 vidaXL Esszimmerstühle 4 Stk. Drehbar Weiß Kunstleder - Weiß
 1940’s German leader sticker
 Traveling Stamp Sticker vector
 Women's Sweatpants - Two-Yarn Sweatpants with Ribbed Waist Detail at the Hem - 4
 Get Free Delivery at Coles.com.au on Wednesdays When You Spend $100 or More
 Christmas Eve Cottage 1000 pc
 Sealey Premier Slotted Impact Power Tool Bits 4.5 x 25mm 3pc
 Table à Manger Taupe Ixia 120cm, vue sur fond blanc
· · · · · · ·
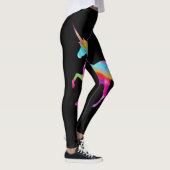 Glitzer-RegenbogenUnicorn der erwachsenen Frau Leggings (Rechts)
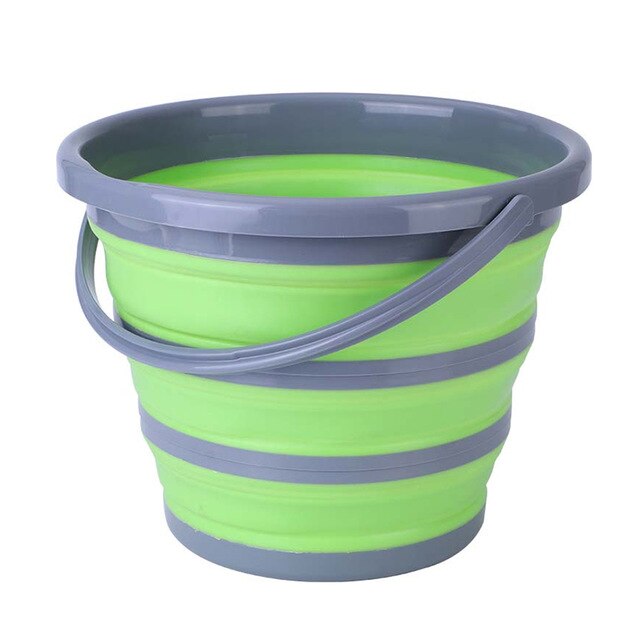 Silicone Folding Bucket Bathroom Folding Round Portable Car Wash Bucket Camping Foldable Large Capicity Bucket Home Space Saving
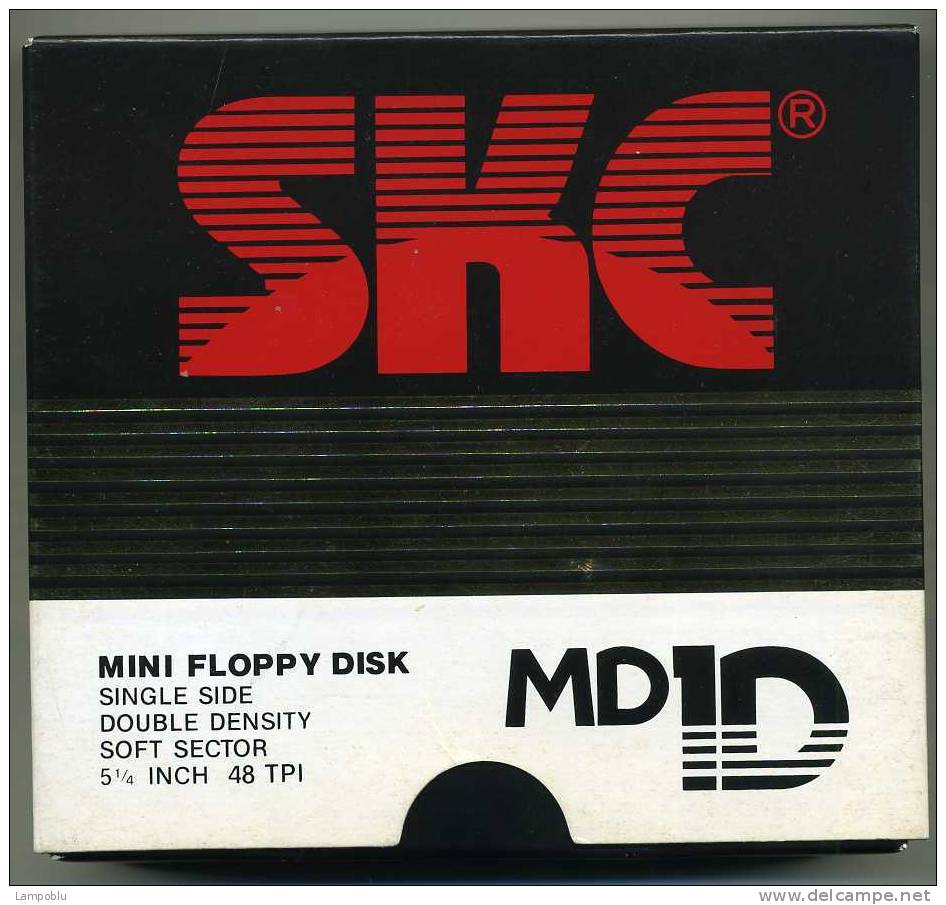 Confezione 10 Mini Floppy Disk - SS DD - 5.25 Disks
· · · · · · ·
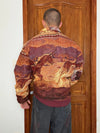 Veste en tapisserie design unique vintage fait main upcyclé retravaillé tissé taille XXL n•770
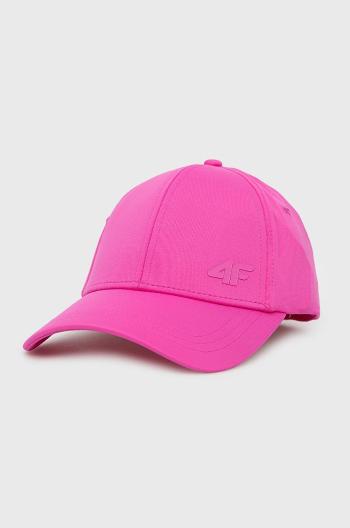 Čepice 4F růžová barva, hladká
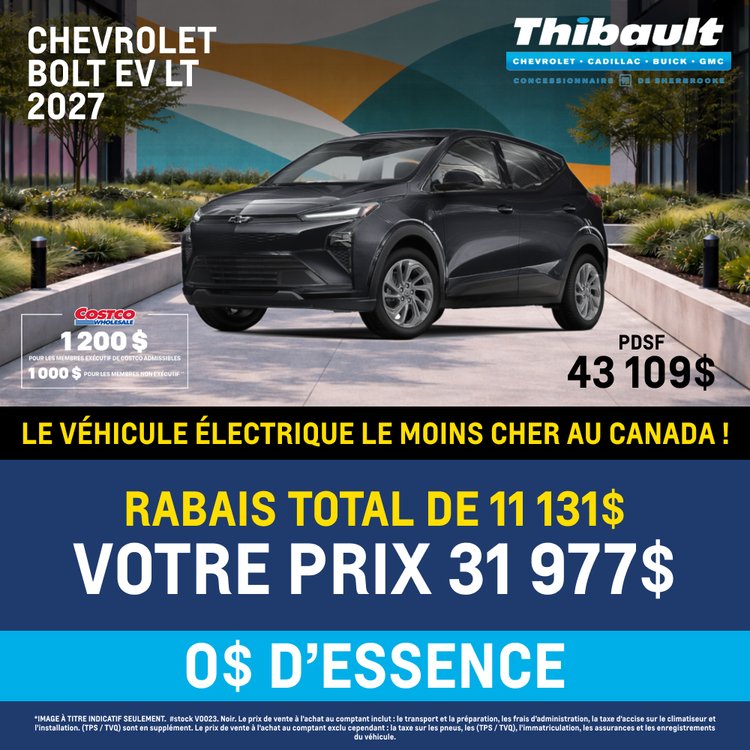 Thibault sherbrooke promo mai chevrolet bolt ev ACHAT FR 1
· · · · · · ·
DIRECTIONS FOR THIS TASK: Above are the records; copy exactly the lines from the line with "Sealey Premier Slotted" through the line with "Table à Manger", both included.

FINISHED TASK:
 Sealey Premier Slotted Impact Power Tool Bits 4.5 x 25mm 3pc
 Table à Manger Taupe Ixia 120cm, vue sur fond blanc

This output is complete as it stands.